- _What is required_: Would you print the lines below exactly, beginning at the line that has "Welcome to ITeachGeek." and stopping after the line that has "Hello, welcome to"? Only those lines, and no pictures.

——————————

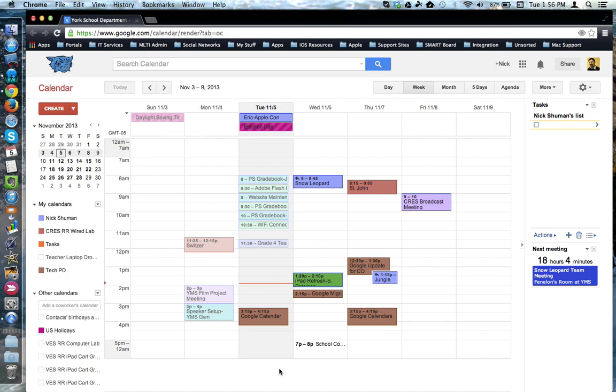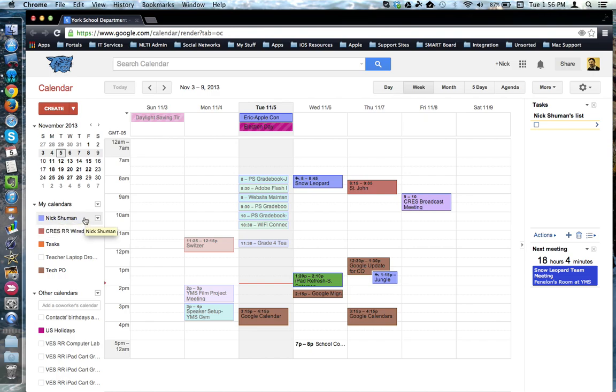This tutorial will show how to manage the display of your calendar and others in Google Calendar. Over on the left-hand side, you have your personal calendar, followed by additional calendars that you may have created or others may have shared with you over time.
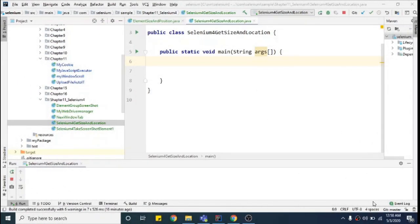Hey guys, welcome back, this is Nadesh. In this video we will see one of the new features introduced in Selenium 4: getting the size and location of an element, and also getting the position of the element with a single method. This was possible in Selenium 3 also, but there were two different methods to achieve the same.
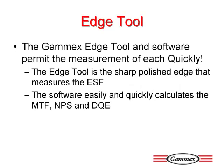Gammex, in cooperation with several noted medical physicists and radiologists, developed a package of hardware and software for the easy measurement and calculation of MTF and other key calculations as part of an NIH grant.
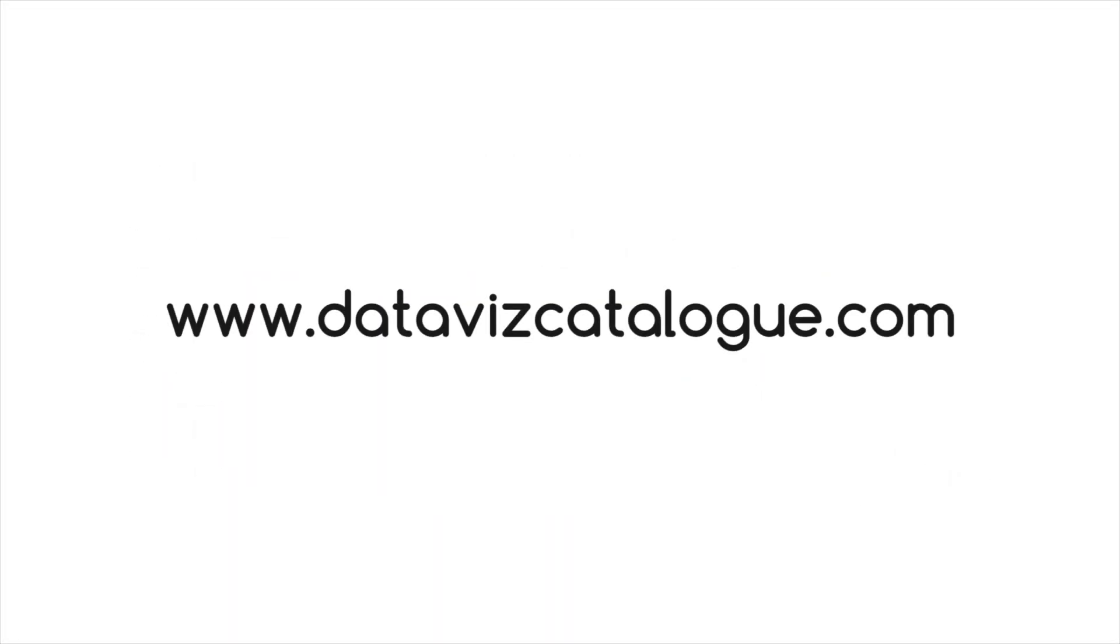To find out more information on this chart, such as tools you can use to generate it, follow the link below in the description.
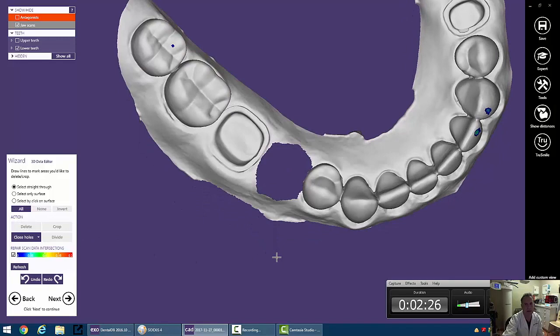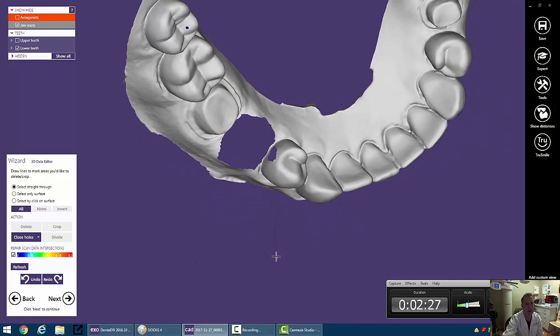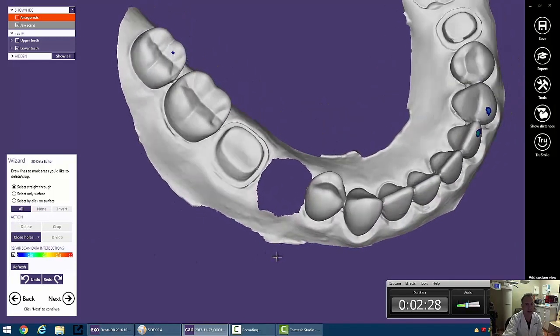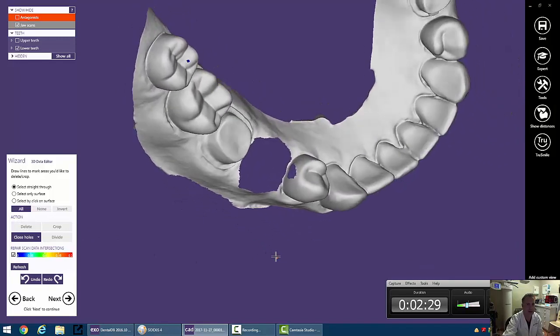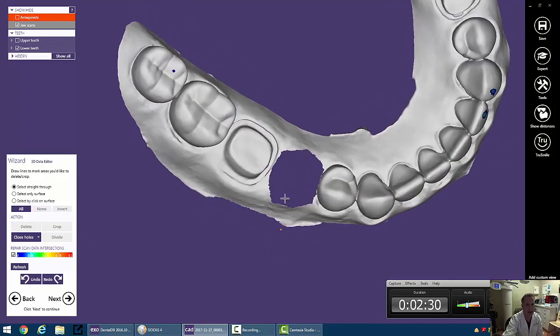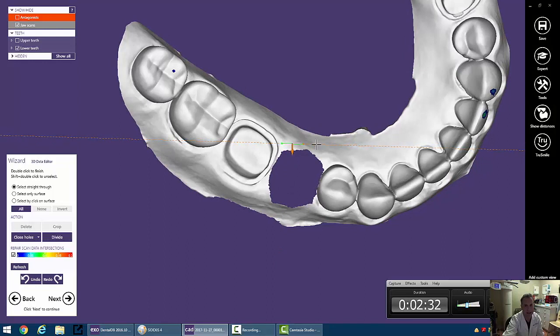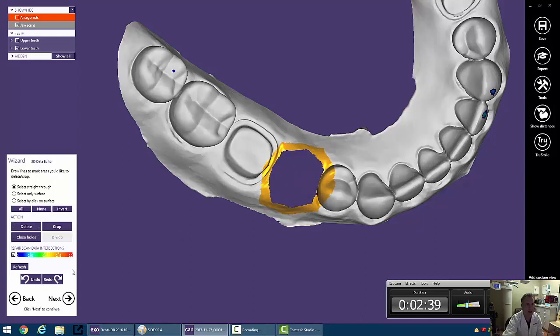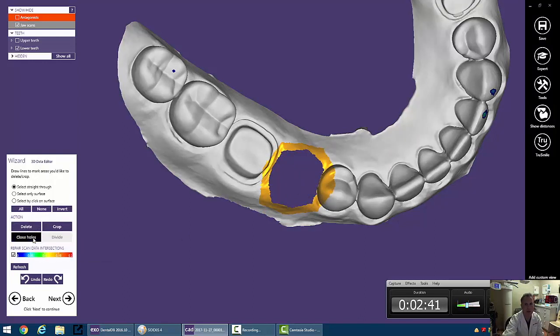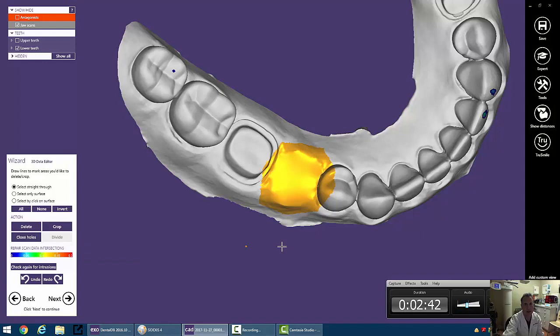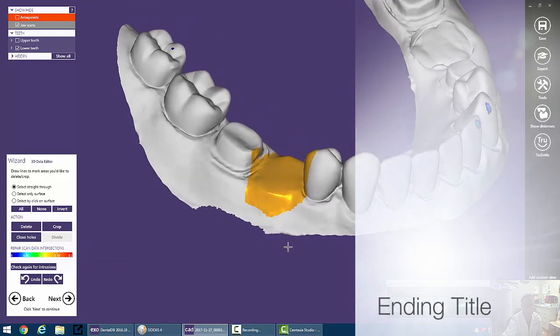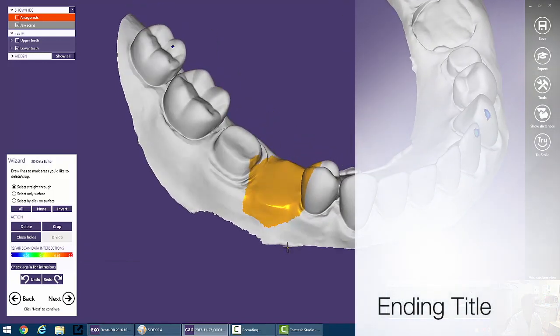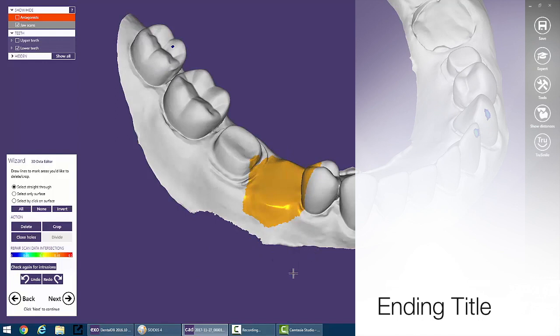Now we're left with a hole, and we want to obviously fill that hole back up. So we can go ahead now and select a fairly large area around this hole. Highlight that area, and now we can go into Close Holes. And what that will do is just fill all that in for us.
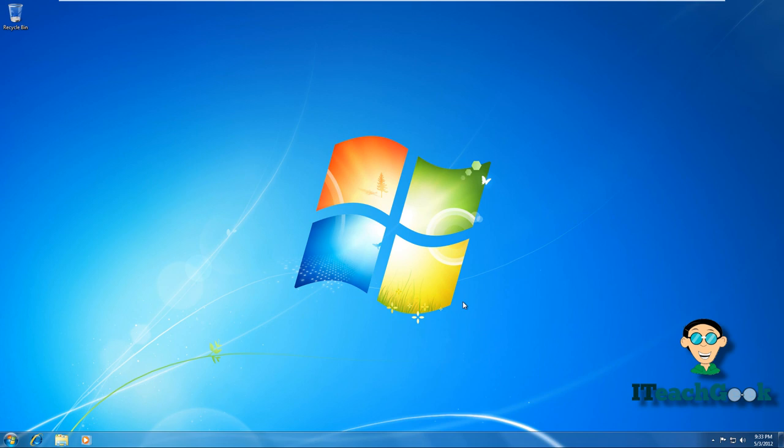Welcome to ITeachGeek. I'm your host Rashad, and we're here to show you how to create a system image of Windows 7. When you make an image, it is the exact replication of how your system is right now. So if you just finished configuring your system all nice and pretty, you go ahead and make an image of it so if anything ever happens you can always come back to this fresh clean install.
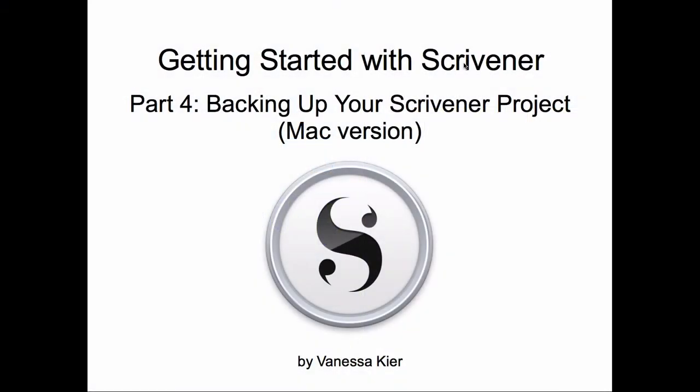Hello, welcome to Getting Started with Scrivener, Part 4, Backing Up Your Scrivener Project, Mac version. I'm Vanessa Keir. One of the most important things you can do for your writing is to make sure that you're backing it up regularly in a secure location. So let's see how to do that for your Scrivener project.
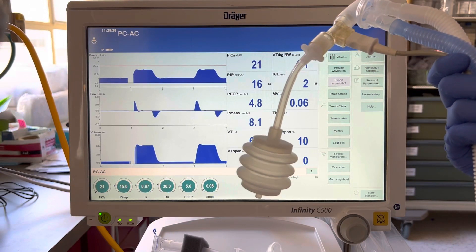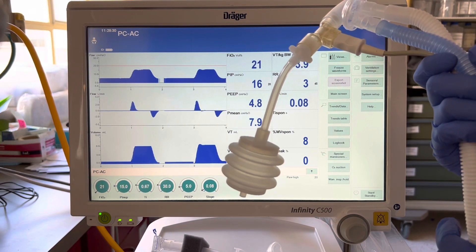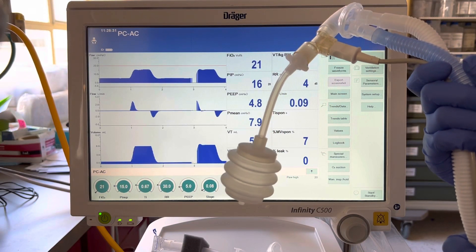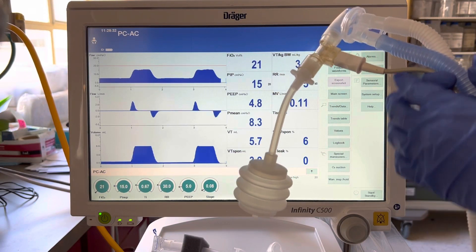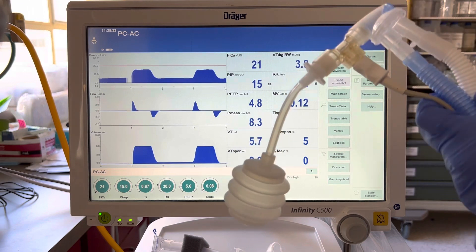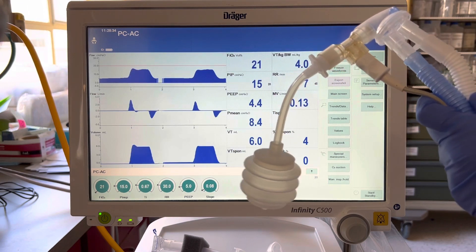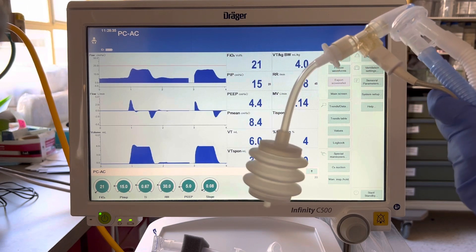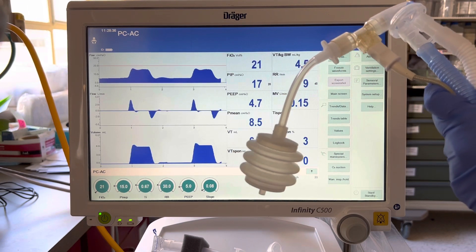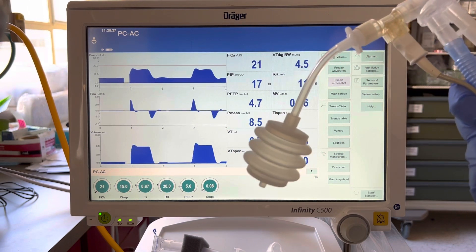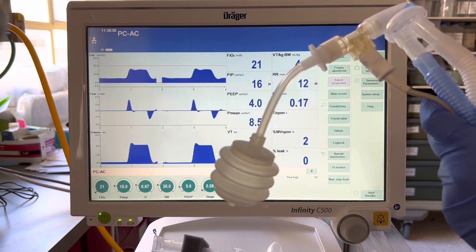I'm going to show you how to change from invasive to non-invasive CPAP mode. First, you want to have the bedside nurse or another RT to bag the baby or deliver mask CPAP during this change.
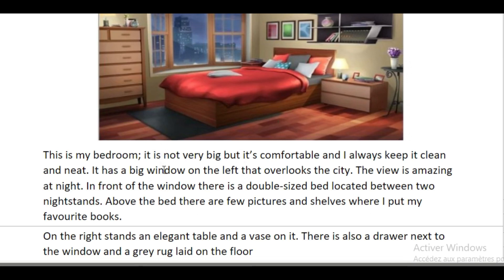Let's read the full paragraph: 'This is my bedroom. It is not very big but it is comfortable and I always keep it clean and neat. It has a big window on the left that overlooks the city. The view is amazing at night. In front of the window there is a double-sized bed located between two night stands. Above the bed there are few pictures and shelves where I put my favorite books. On the right stands an elegant table and a vase on it. There is also a drawer next to the window and a gray rug laid on the floor.'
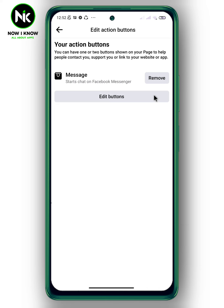And just like that, the Call Now button has been removed successfully. And this is it — thanks for watching. See ya!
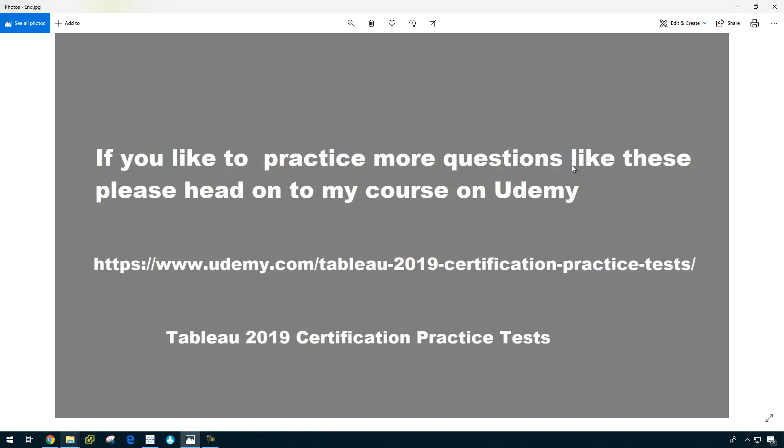Thank you for viewing these sample questions. If you would like to practice with more questions like this, head on to my course in Udemy, which says Tableau 2019 certification practice test. I made like six practice tests and with all the explanations in video format. Thank you for watching.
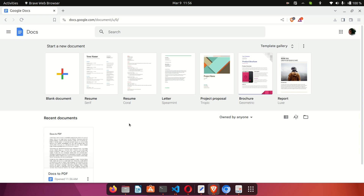Hi guys, welcome to my YouTube channel. This is Joe, and in today's video I'm going to show you how to create a Google Form. Creating a Google Form is quite straightforward.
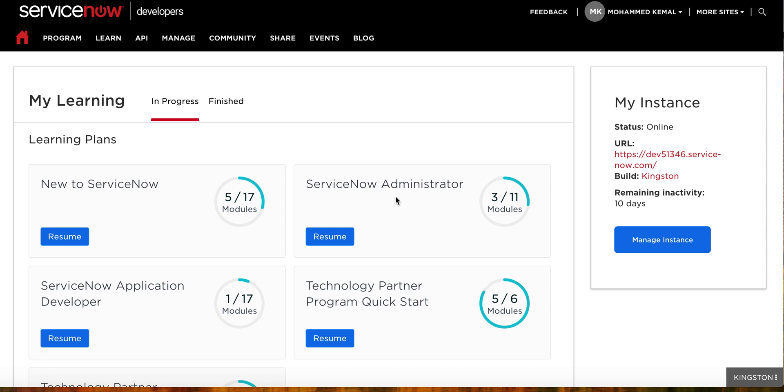Hi, I'm Mohammed Kamal. Today I'll be showing you how to upgrade an instance. ServiceNow just recently released a new instance. We've been using Kingston, which was the latest, but right now ServiceNow upgraded its instance to London, which is the new one. It has so many new features, including the virtual agent.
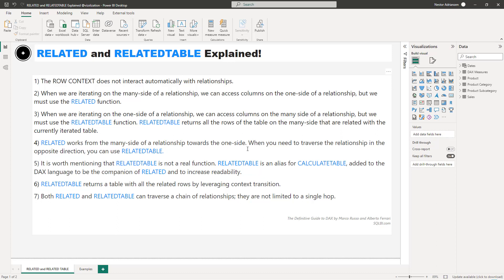Let's go over the theory real quick. Point one: the row context does not interact automatically with relationships. It means that we have to use additional functions to wrap information from other tables, despite the fact that we have relationships active.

——————————

- _Your response_:
Welcome to ITeachGeek. I'm your host Rashad, and we're here to show you how to create a system image of Windows 7. When you make an image, it is the exact replication of how your system is right now. So if you just finished configuring your system all nice and pretty, you go ahead and make an image of it so if anything ever happens you can always come back to this fresh clean install.
Hello, welcome to Getting Started with Scrivener, Part 4, Backing Up Your Scrivener Project, Mac version. I'm Vanessa Keir. One of the most important things you can do for your writing is to make sure that you're backing it up regularly in a secure location. So let's see how to do that for your Scrivener project.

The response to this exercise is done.